WASHINGTON — The second Day of Prayer for Peace in Our Communities will be observed Sept. 9, the feast of St. Peter Claver.
“St. Peter Claver is a model for us in understanding that hard work and perseverance is required to combat the sin of racism and build community,” said Bishop George V. Murry of Youngstown, Ohio, chairman of the U.S. bishops’ Ad Hoc Committee Against Racism, in a Sept. 1 statement.
Like Bishop Murry, the Spanish-born St. Peter Claver was a Jesuit. He dedicated his life to ministering to people enslaved by the African slave trade, working to improve their lives and seeking to abolish the slave trade.
“We must begin and end this effort in prayer together, even as we seek to act in concrete ways,” Bishop Murry said.
Resources, available at www.usccb.org/racism, include a prayer card, prayers of the faithful, stories of how faith communities in the United States are working for racial justice, teaching resources and bishops’ statements.

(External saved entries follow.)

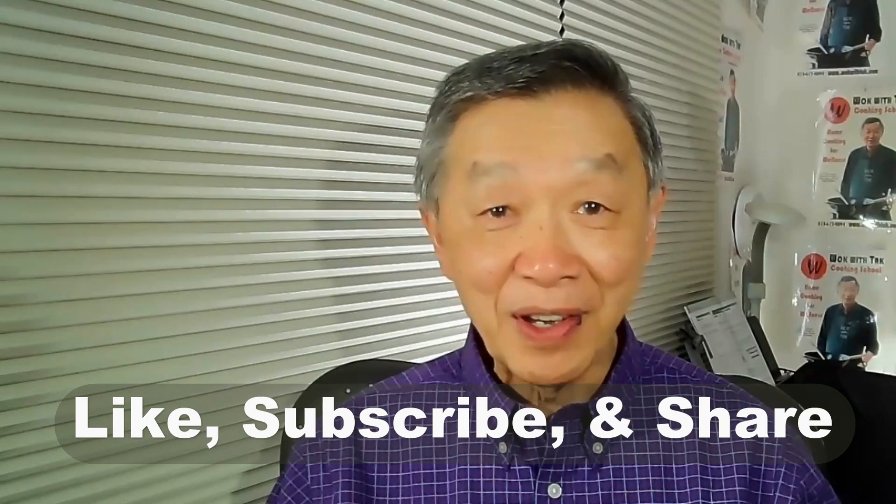Thank you for watching. If you enjoyed this video, please click like, subscribe, and share.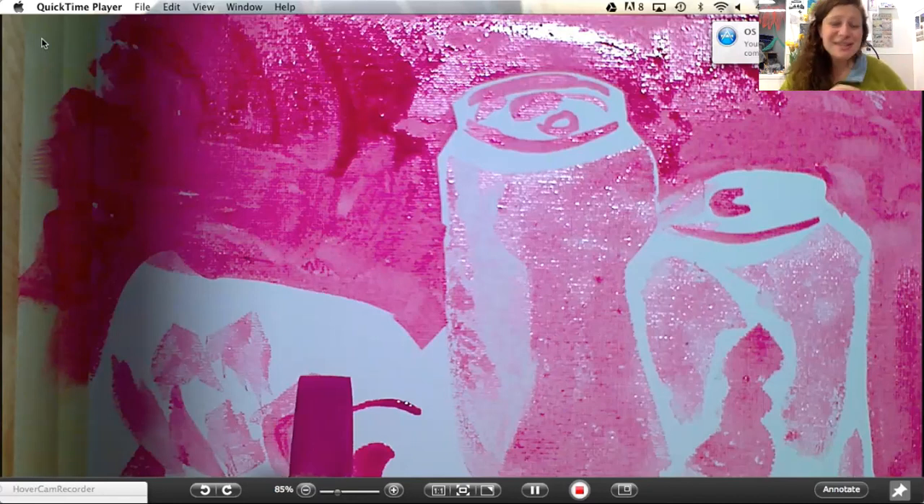Have fun with this — that's the whole point of doing art to begin with, and expressing yourself. So please do enjoy your first layer of your still life painting. Bye.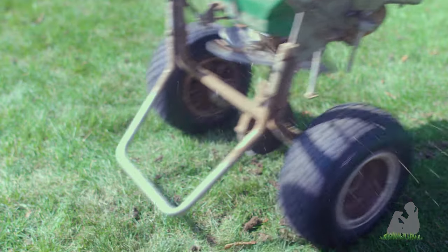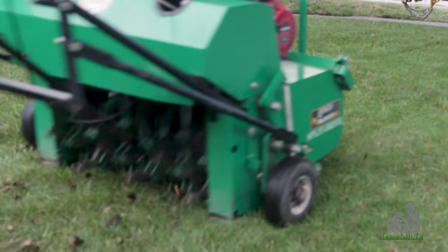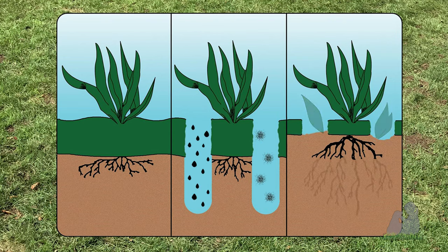Aeration, overseeding, and compost top dressing thickens up your lawn with new grasses. The first step is aeration. We remove cores of soil, improving water filtration and root development.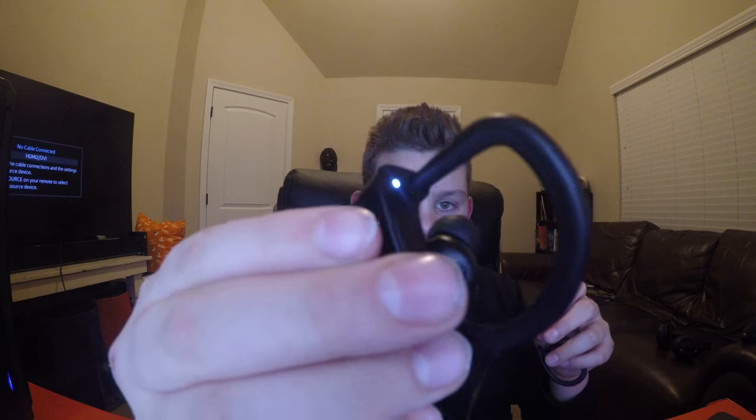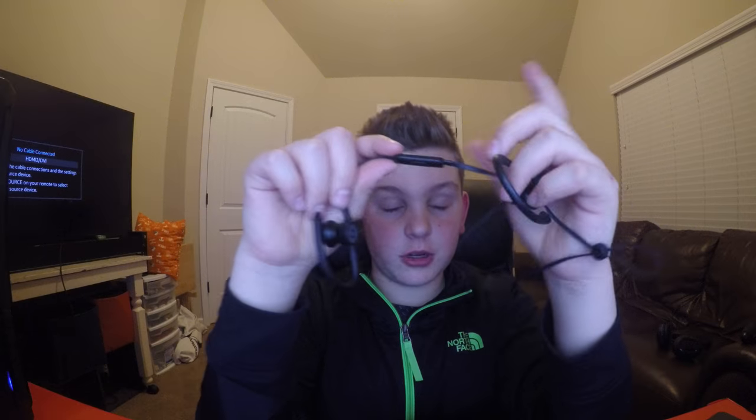Hope you guys saw the light — there it is right there. So that's the on/off button. And then they have a microphone slash volume changer slash phone answer button.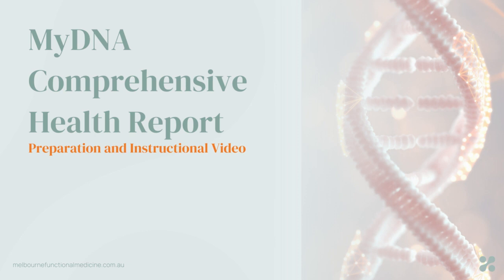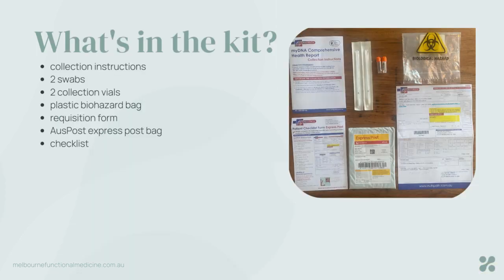Looking at your kit you will find some collection instructions. Even though we're talking through this in the video, please take a moment and read through so that you completely understand all of the things that you need to do to prepare yourself and to actually perform this test. There are two swabs, two little collection vials with orange lids, and a plastic biohazard bag in which your samples will go once you've collected.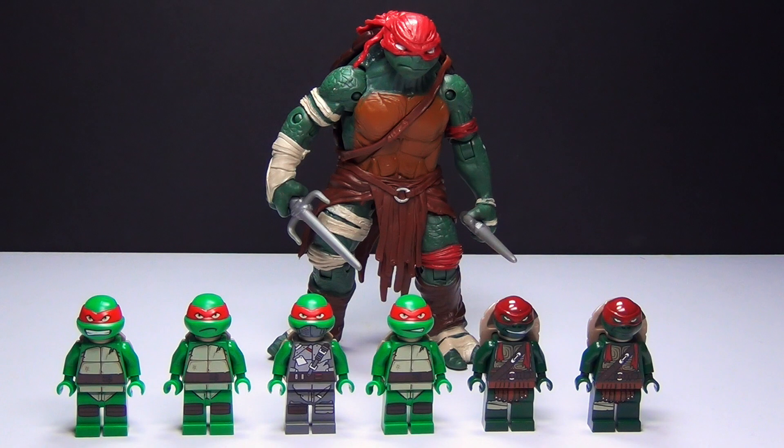Hey guys, BrickWayne here with a LEGO Ninja Turtles minifigure comparison. This time we have Raphael, and we do have the Raphael action figure from the new movie in the background — I thought it was pretty cool. There will be a link in the description to check that out if you'd like to. Let's go ahead and check out all the different LEGO versions of Raphael.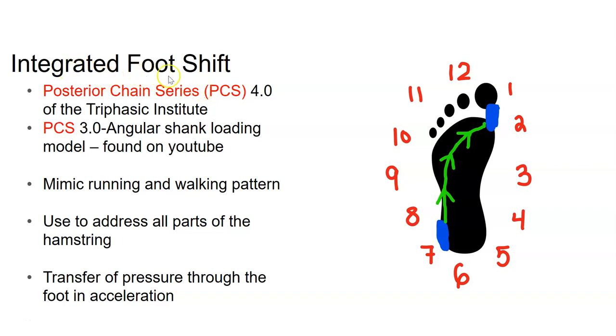Today we're going to talk about the integrated foot shift in your training methods. This is all part of the posterior chain series — I'm going to have nine parts to this, all tied together. They can be integrated into your training to help with posterior chain issues if you have them, or just to get the right patterns for human movement, because a lot of this integrates into walking and running. This is part four.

The ad hoc committee was formed by Cardinal Daniel N. DiNardo of Galveston-Houston in the wake of the Aug. 12 “Unite the Right” rally in Charlottesville, Virginia, and its deadly aftermath, and named Bishop Murry its chair. A bishops’ task force on racism that met last year recommended the annual observance of a national day of prayer.
The committee’s charge is to address the sin of racism in society and the church, as well as the urgent need to come together to find solutions.